Um eine breite Perspektive auf das menschliche Gehirn zu erhalten, verwendeten die Wissenschaftler funktionelle Magnetresonanztomographie – ein bildgebendes Verfahren, das die Aktivität des ganzen Gehirns über den Blutfluss messen kann. Die Studienteilnehmer lagen in einem 7-Tesla-MRT-Scanner und navigierten in einer virtuellen Arena mit Hilfe einer Tastatur: Sie merkten sich die Position von versteckten Objekten. „Um zu verstehen, wie sich unsere Teilnehmer bei dieser Aufgabe orientierten, haben wir analysiert, wie ihre Hirnaktivität zu jedem Zeitpunkt widerspiegelte, in welche Richtung sie sich bewegten.“, erklärt Matthias Nau. Ohne eine funktionierende Richtungswahrnehmung wäre diese Aufgabe nicht lösbar gewesen. „Wir bauten ein Kodierungsmodell ihrer Blickrichtung auf, um den Einfluss der Richtung auf die neuronale Aktivität in jedem Teil des Gehirns abzuschätzen. Mit Hilfe dieses Modells konnten wir nun vorhersagen, wie sich die Aktivität in neuen Daten desselben Teilnehmers entfalten wird.“ Hierfür simulierte der Algorithmus nicht nur eine, sondern viele mögliche Versionen davon, wie genau jedes einzelne Hirnareal die Richtung repräsentieren könnte. Die Forscher erkannten, welche Version des Modells neue Daten am besten vorhersagte, und konnten so bisher unbekannte Details des Richtungscodes im gesamten Gehirn abbilden.

Hirnaktivität spiegelt vom Gedächtnis gesteuertes Verhalten wider

Die neuartige Analysemethode ermöglichte es, die menschliche Richtungswahrnehmung in noch nie dagewesener Detailgenauigkeit zu vermessen. So beobachteten die Wissenschaftler nicht nur einen Anstieg der Hirnaktivität in Regionen, die räumliche Informationen aus den visuellen Reizen herausfiltern, sondern konnten besonders in den höheren Gedächtnisregionen Hinweise darauf finden, wie gut sich die Teilnehmer an die Orte der gesuchten Objekte erinnerten.

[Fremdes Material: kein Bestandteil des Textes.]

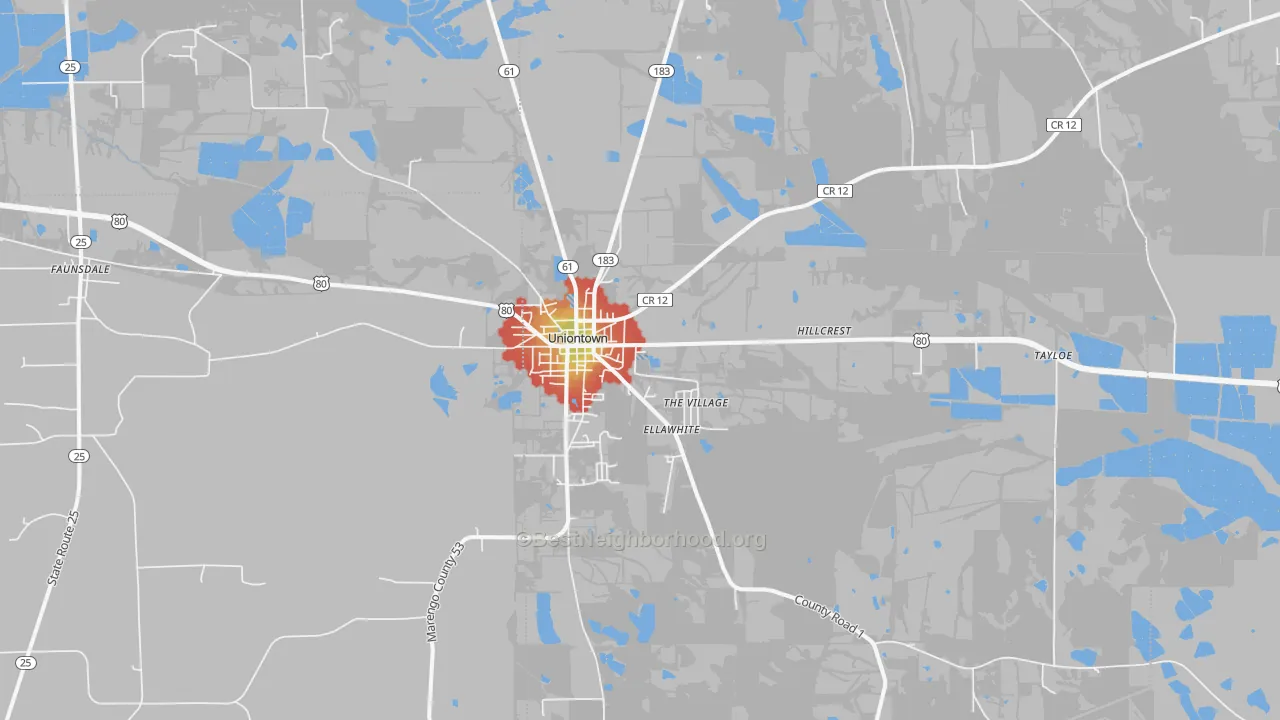 Walk Grade map of Uniontown, AL, walkable areas in green and car-dependent areas in red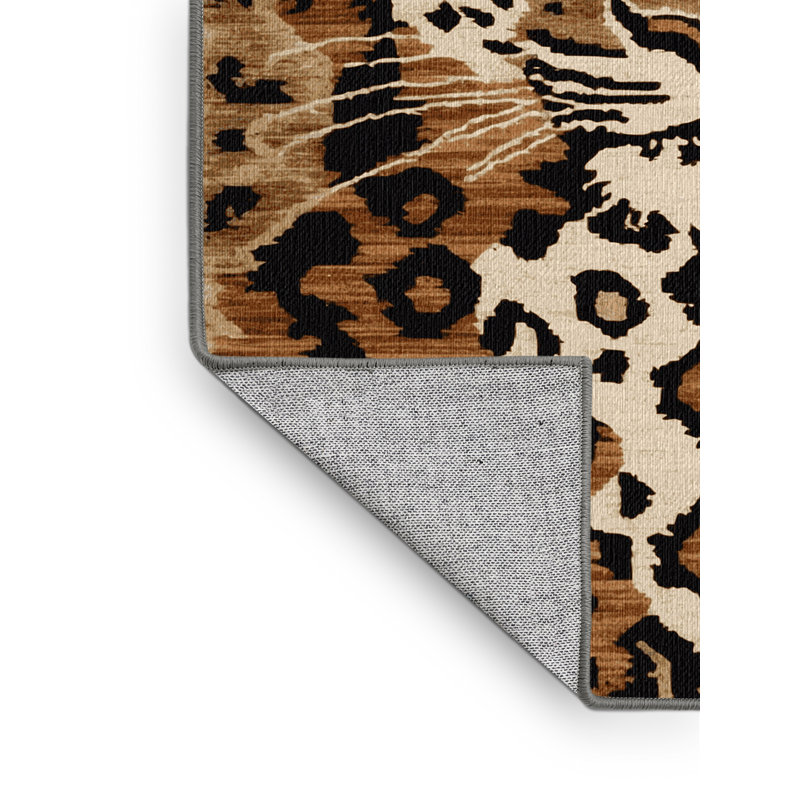  Tapis lavable en forme de léopard avec gros chats Léopard, Carré 7 pi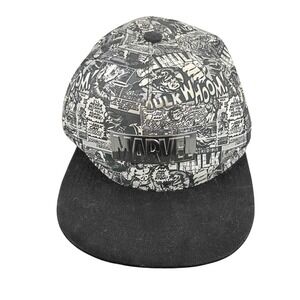 Marvel Comics Incredible Hulk Snapback Hat Black White Comic Print Metal Logo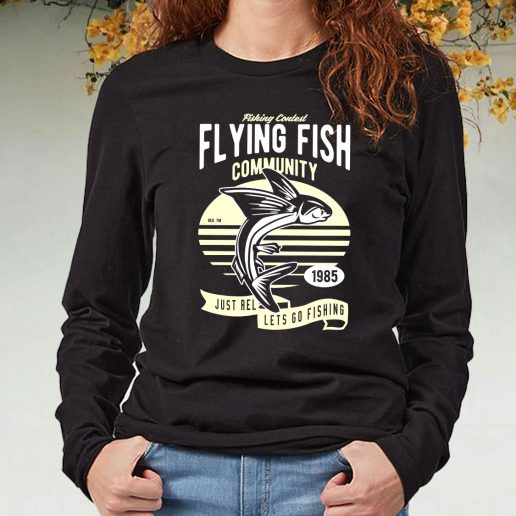 Black Long Sleeve T Shirt Flying Fish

Die Ergebnisse deuten darauf hin, dass der Prozess der Kodierung der Welt und der Objekte in ihr, sprich der neuronalen Kartenbildung, Einfluss darauf hat, wie das gesamte Netzwerk an Regionen im Gehirn Informationen verarbeitet, die wir gerade aus unserer Umwelt ableiten. Das Zusammenspiel verschiedener visueller und gedächtnisbildender Hirnareale hängt also viel direkter mit gedächtnisgesteuertem Verhalten zusammen, als bisher bekannt. Normalerweise betrachten wir unser Gedächtnis als eine Art Speicher für Erfahrungen aus unserer Vergangenheit, die wir uns so wieder in Erinnerung rufen können. Aber warum haben wir überhaupt ein Gedächtnis? Wir haben es, damit wir von unseren Erfahrungen der Vergangenheit lernen und unser Verhalten in Zukunft entsprechend anpassen können. Die Wissenschaftler dieser Studie zeigten, dass unsere Erinnerungen einen direkten Einfluss darauf haben, wie wir unsere Umgebung wahrnehmen, und dass diese Interaktion zwischen Wahrnehmung und Gedächtnis unser tägliches Verhalten steuert.

Die neu entwickelte Methode stellen die Wissenschaftler der Fachwelt als Analysewerkzeug in Open Access zur Verfügung, um sie auch auf andere Daten, wie zum Beispiel EEG-Daten, oder auch in Tiermodellen anzuwenden. So können die neuronalen Prozesse bei der Gedächtnisbildung und Raumnavigation noch umfassender untersucht werden.